Drugi tydzień wyzwania mam już za sobą. Dlatego kilka obserwacji...
W zeszłym tygodniu dwukrotnie wyłamałem się z wyzwania, nieświadomie zagalopowałem się i zacząłem zagadywać swojego rozmówcę/rozmówczynię, co sprawiło, że musiałem zastanowić się z czego to wynika.
Wartościowe pytania: Czy jest tak, że...
- mam jakiś brak w sobie, który pcha mnie ku temu, żeby koniecznie opowiadać o sobie?

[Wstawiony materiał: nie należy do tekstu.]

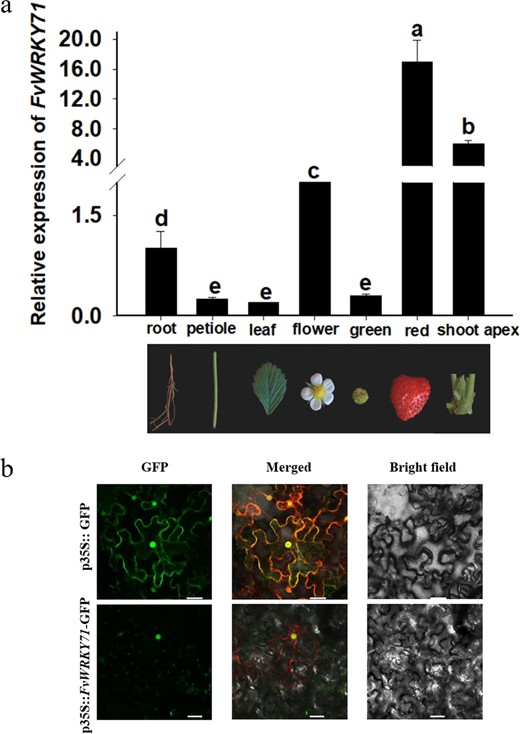 a Expression pattern of FvWRKY71 in different organs. RT-qPCR analysis was used to test the relative expression level of FvWRKY71 in various organs. Values are the mean ± SD from three independent experiments with three biological replicates. b Subcellular localization of the FvWRKY71 protein. p35S::GFP was transformed into tobacco (top). p35S::FvWRKY71-GFP was transformed into tobacco (bottom), and the fusion protein was located in the nucleus. Bar = 30 μm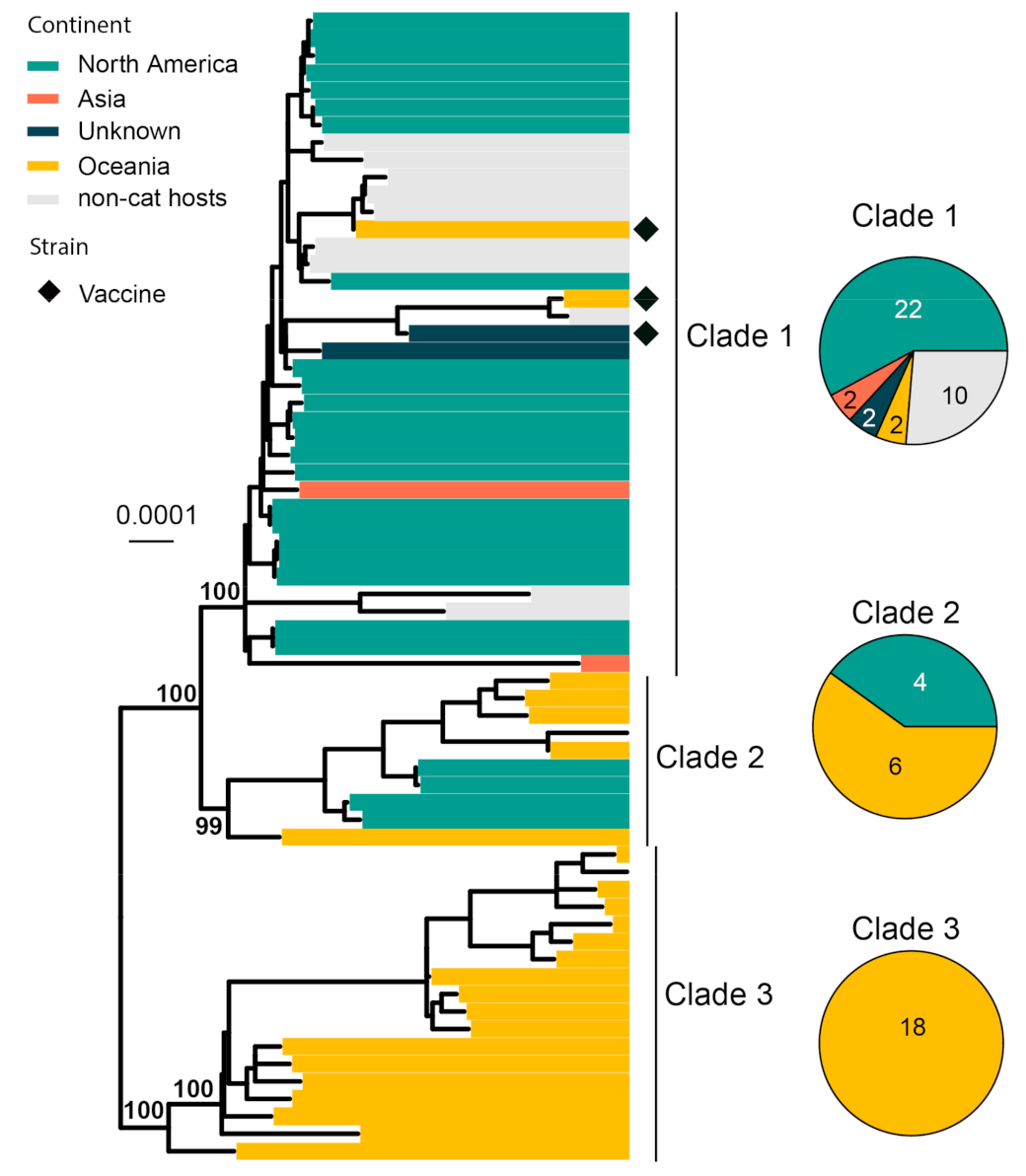 Viruses 15 01338 g007 Viruses 15 01338 g007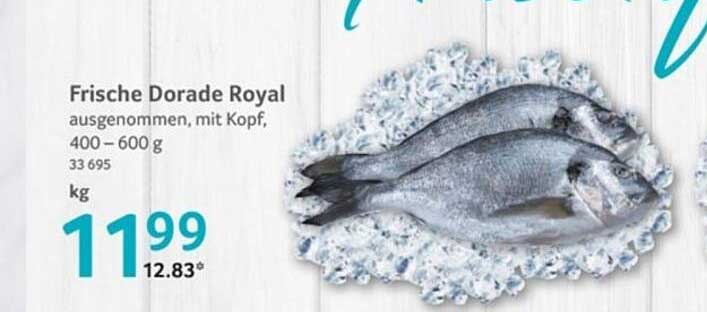 Frische Dorade Royal, ausgenommen, mit Kopf, 400 – 600 g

- czuję się przymuszony, żeby odpowiedzieć, dodać siebie do rozmowy, bez zastanowienia co w ten sposób wnoszę? Dlaczego tak czuję?
- nie czuję się komfortowo w swojej ciszy i słuchaniu? Nie potrafię znaleźć w sobie miejsca dla tego, co mówi drugi człowiek? Czemu właściwie cisza miałaby rodzić dyskomfort?
- a może po prostu za bardzo jestem skoncentrowany na sobie w ciągu dnia i trudno mi się ot tak, za pstryknięciem palców przestawić na słuchanie kogoś, nie siebie. Brakuje uważności.
Prawdopodobnie odpowiedzią jest, że... po trochu z każdego.
Dlatego kontynuuję praktykę bycia #cichym w kolejny tydzień i zbieram wnioski do podsumowania pod koniec miesiąca.
Przyłącz się! Zaobserwuj jak to działa u Ciebie.